▸ **Extracted material**:
╭──

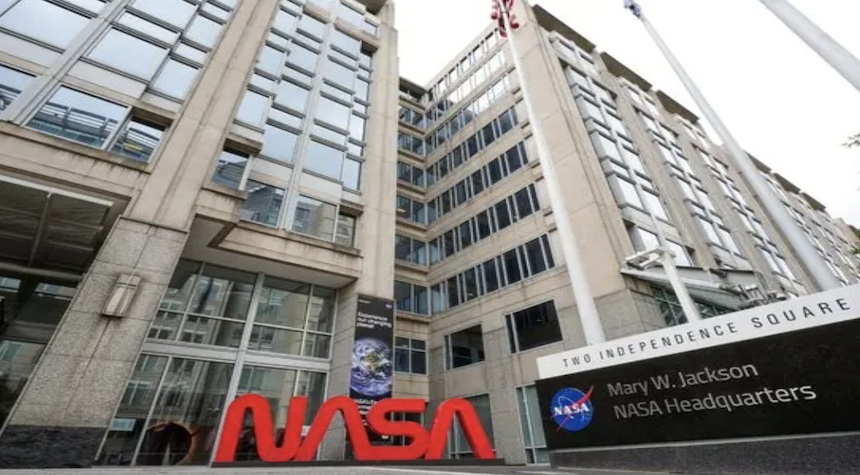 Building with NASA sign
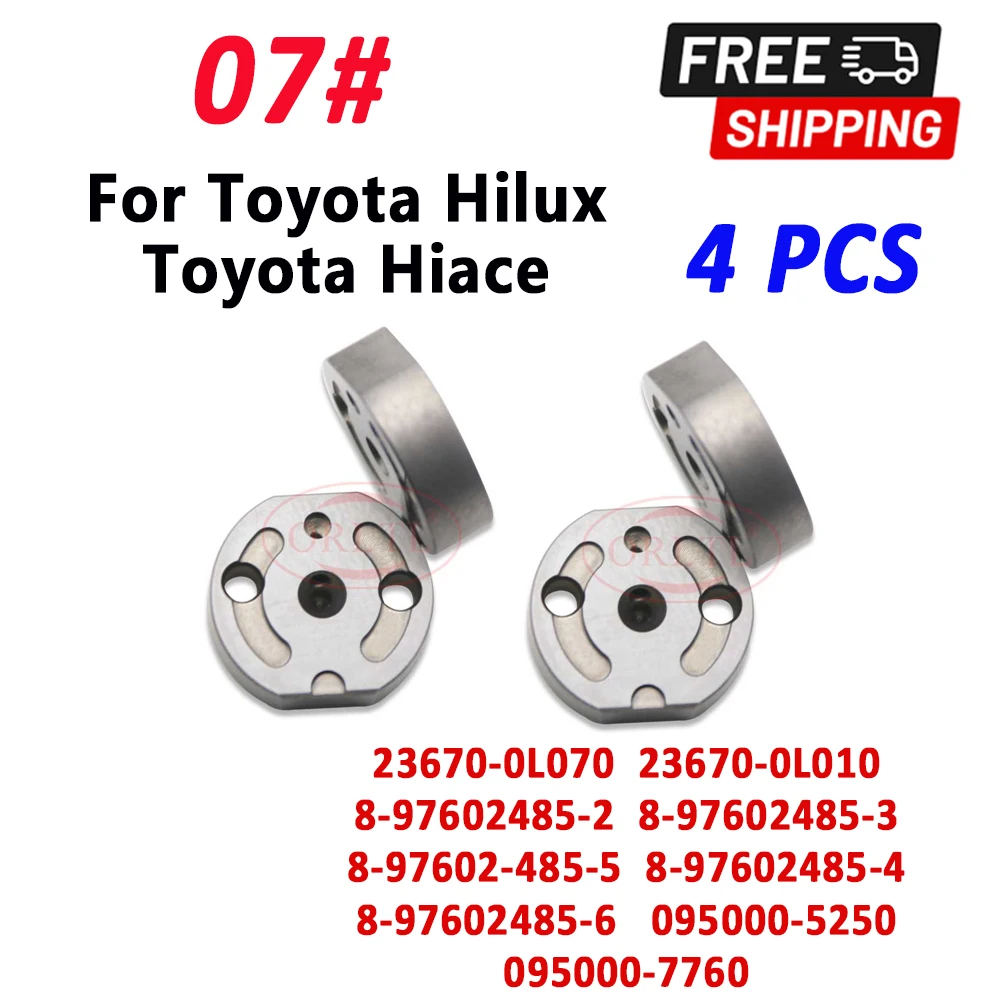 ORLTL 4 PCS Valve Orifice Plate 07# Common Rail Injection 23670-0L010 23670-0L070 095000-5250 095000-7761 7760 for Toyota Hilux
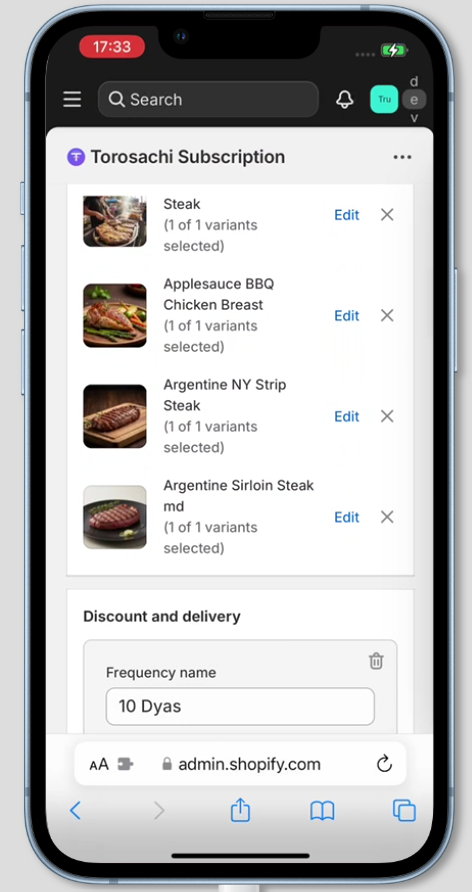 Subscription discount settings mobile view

╰──
╭──

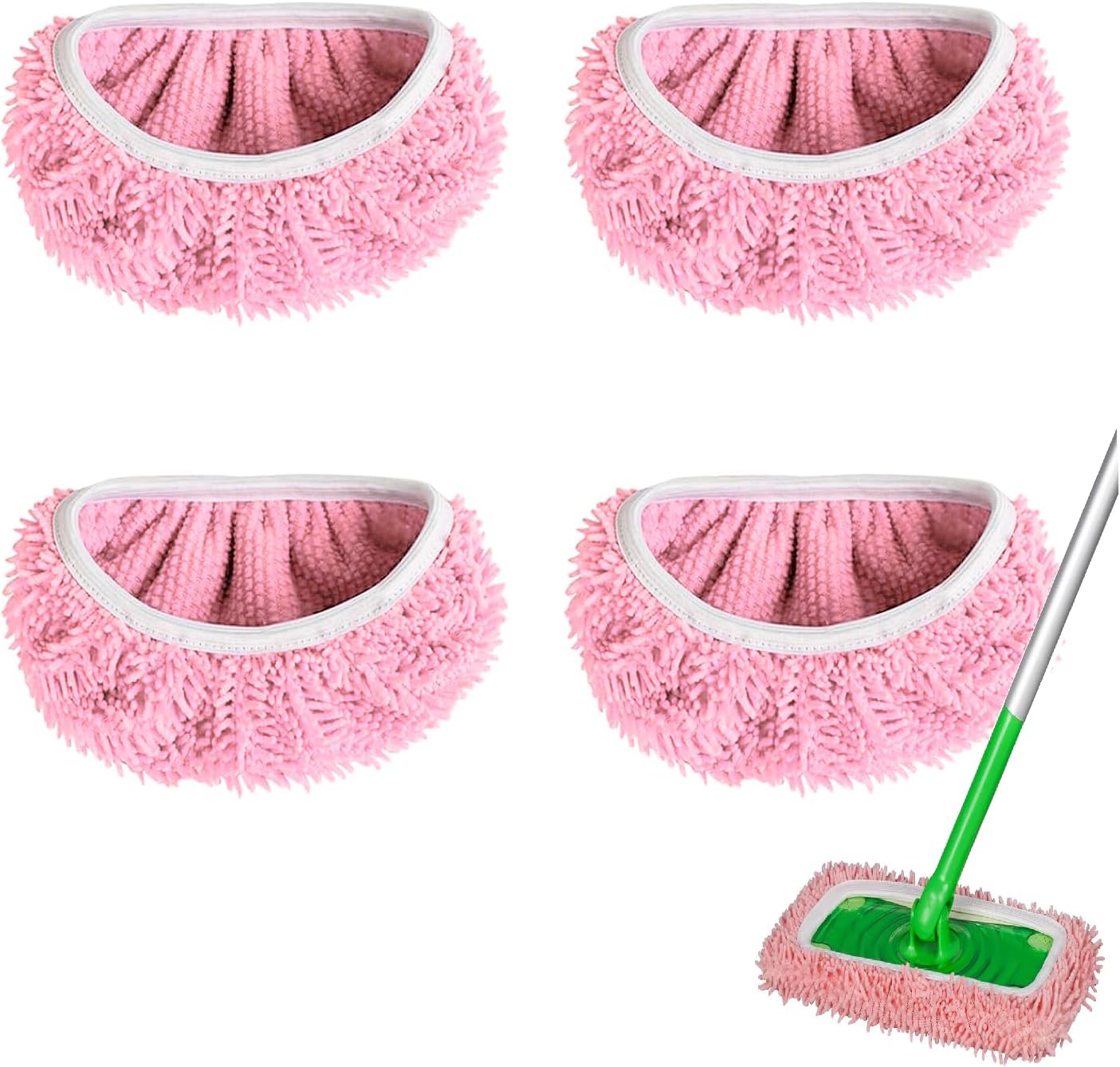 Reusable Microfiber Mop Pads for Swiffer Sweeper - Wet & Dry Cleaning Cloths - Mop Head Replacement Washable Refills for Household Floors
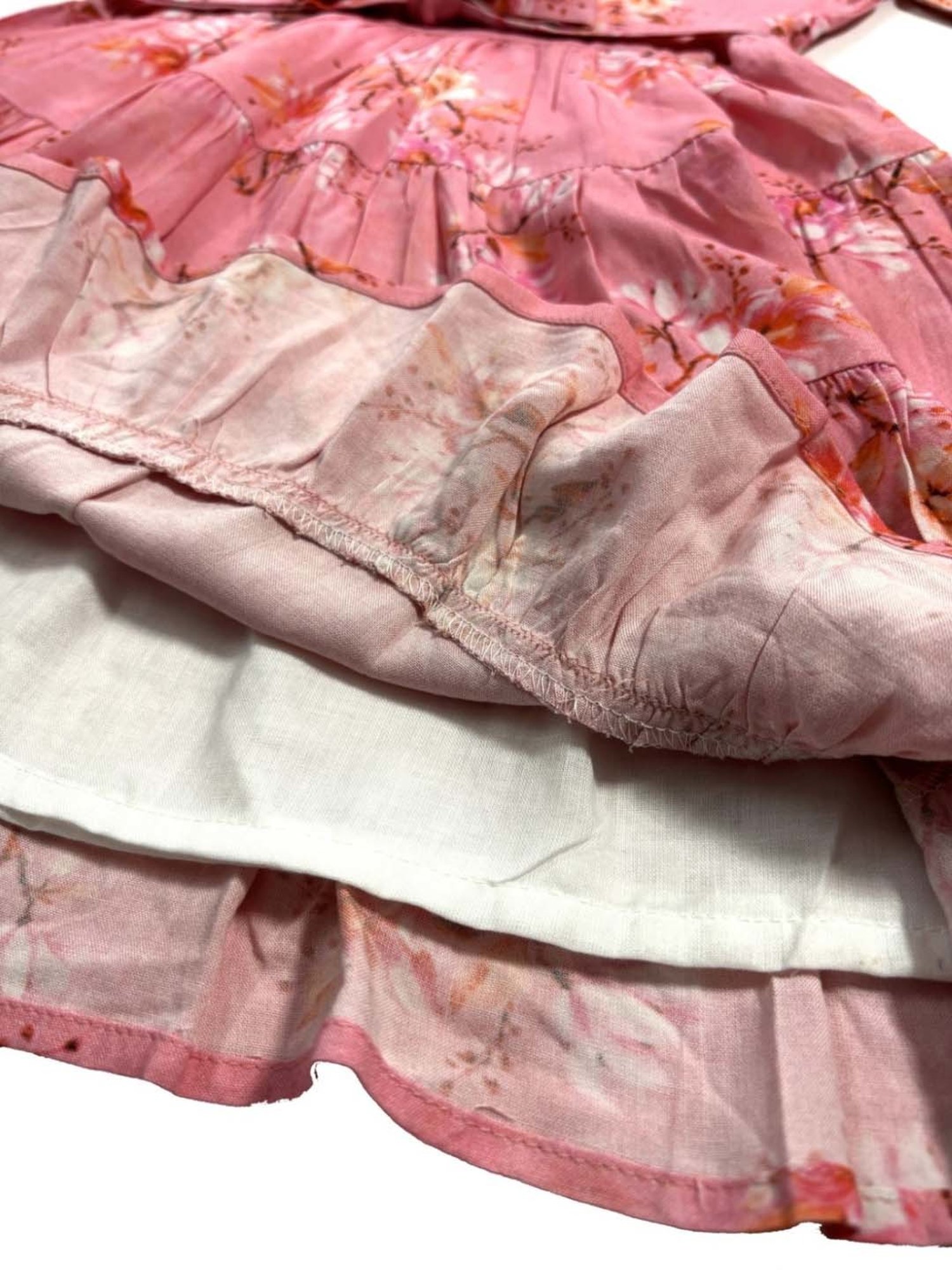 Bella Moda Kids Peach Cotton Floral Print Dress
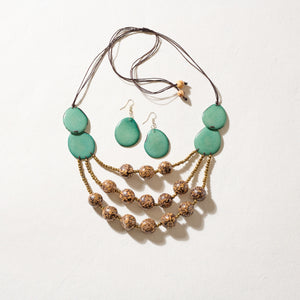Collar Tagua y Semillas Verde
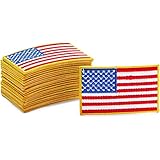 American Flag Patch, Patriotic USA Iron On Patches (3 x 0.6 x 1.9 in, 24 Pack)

╰──

▸ **Problem requirements**:
Would you print exactly the lines in the listing above, from the line bearing "Collar Tagua y Semillas Verde" through the line bearing "American Flag Patch, Patriotic", leaving out all pictures?

▸ **Your solution**:
Collar Tagua y Semillas Verde
 American Flag Patch, Patriotic USA Iron On Patches (3 x 0.6 x 1.9 in, 24 Pack)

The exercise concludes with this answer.